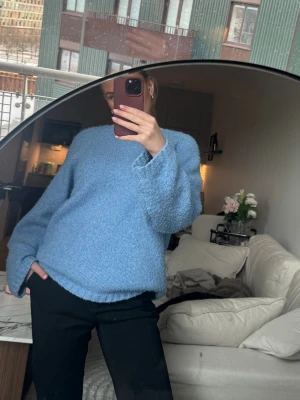 Ljusblå oversized stickad tröja - Säljer denna underbart mysiga stickade tröja i en så fin babyblå nyans. Den är lite oversized i modellen vilket ger en avslappnad, trendig look. Perfekt att styla med jeans eller kostymbyxor.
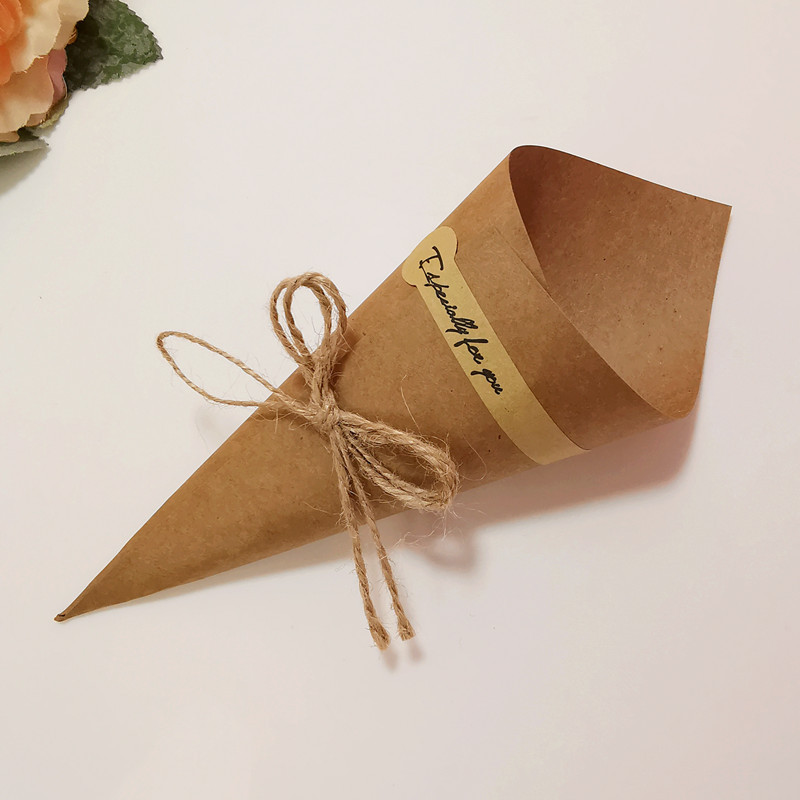 Wrapping Paper Cylinder Creative Card Black Primary Color Greeting Card DIY Vintage Dried Flower Gift IceCream Cone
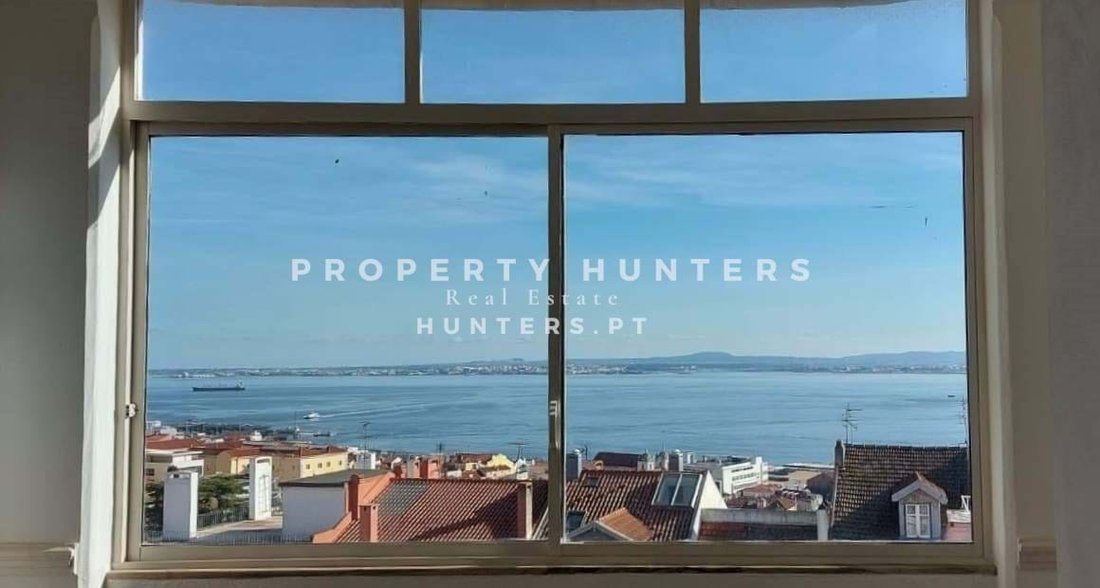 Apartment in Estrela, Lisbon, Portugal 1 - 15090283
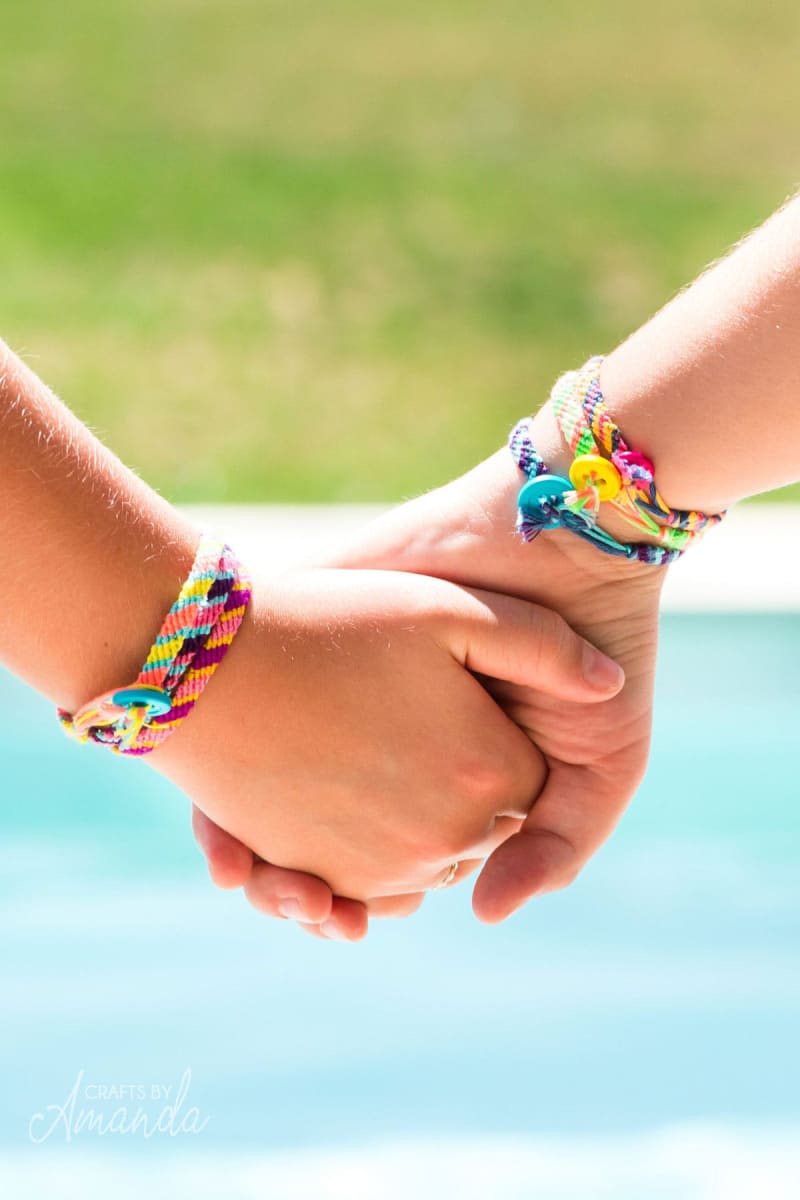 Design friendship bracelets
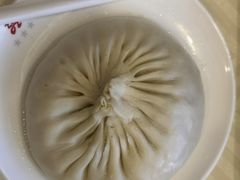 蟹黄汤包-怡园饭店-餐厅(四望亭店)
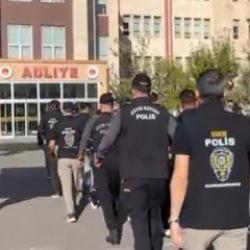 Sahte alışveriş siteleriyle 60 milyon TL'lik vurgun: 9 şüpheli tutuklandı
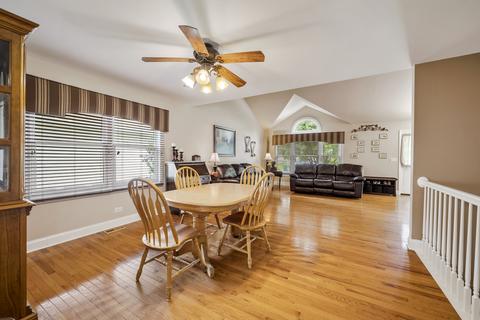 2015 Primrose Dr, Plainfield, IL 60586 photo 7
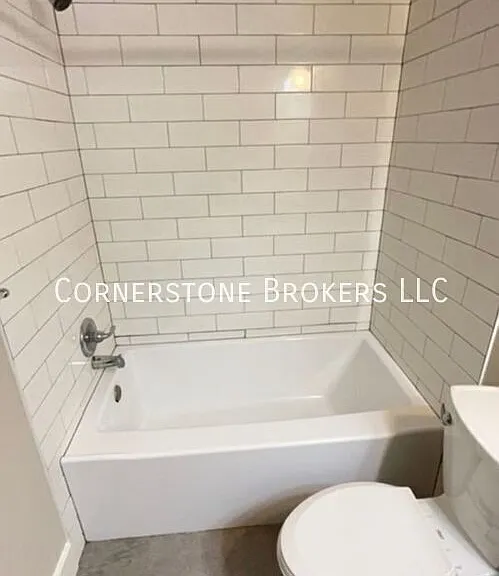 333 Custer Ave #12 — Photo 8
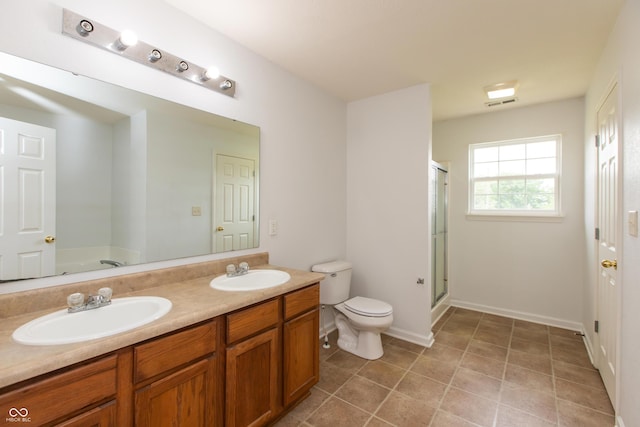 3623 Carroll Farms Dr, Indianapolis, IN 46235 - full bath featuring double vanity, toilet, a shower stall, and baseboards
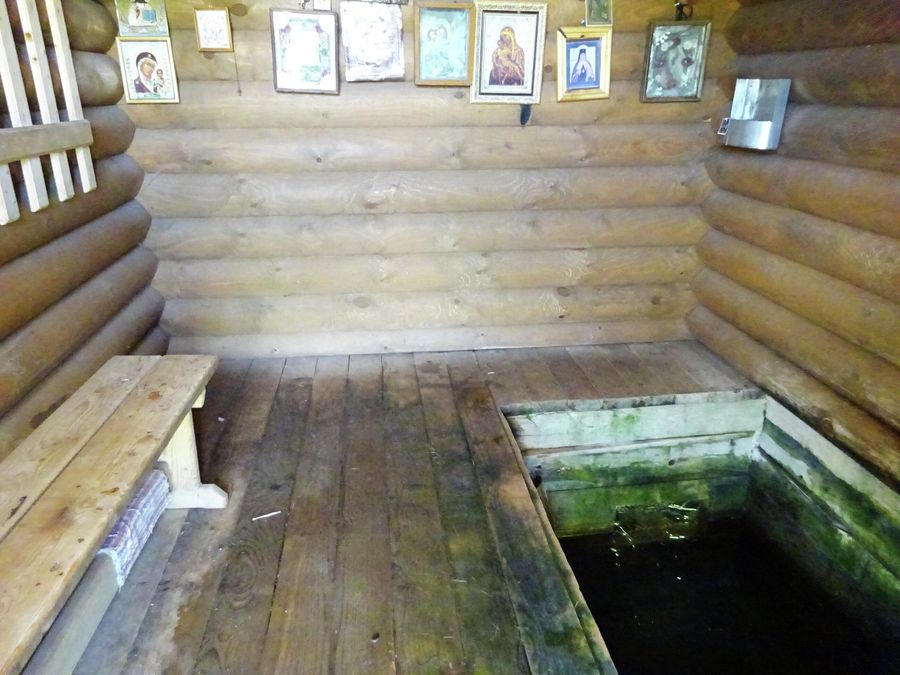 Источник Двенадцать ключей, купальня Источник Двенадцать ключей, купальня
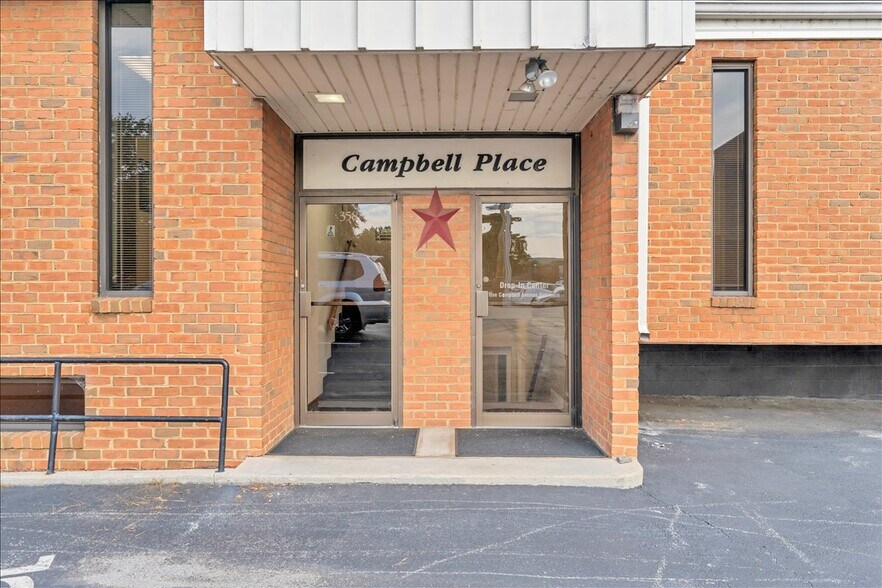 More Photos Of 356-358 Campbell Ave NW, Roanoke Office For Sale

***

**What is expected:** Omit the pictures. Write out exactly the lines from the one containing "Wrapping Paper Cylinder" through the last line of the entries, both of them included.

**Task solution:**
 Wrapping Paper Cylinder Creative Card Black Primary Color Greeting Card DIY Vintage Dried Flower Gift IceCream Cone
 Apartment in Estrela, Lisbon, Portugal 1 - 15090283
 Design friendship bracelets
 蟹黄汤包-怡园饭店-餐厅(四望亭店)
 Sahte alışveriş siteleriyle 60 milyon TL'lik vurgun: 9 şüpheli tutuklandı
 2015 Primrose Dr, Plainfield, IL 60586 photo 7
 333 Custer Ave #12 — Photo 8
 3623 Carroll Farms Dr, Indianapolis, IN 46235 - full bath featuring double vanity, toilet, a shower stall, and baseboards
 Источник Двенадцать ключей, купальня Источник Двенадцать ключей, купальня
 More Photos Of 356-358 Campbell Ave NW, Roanoke Office For Sale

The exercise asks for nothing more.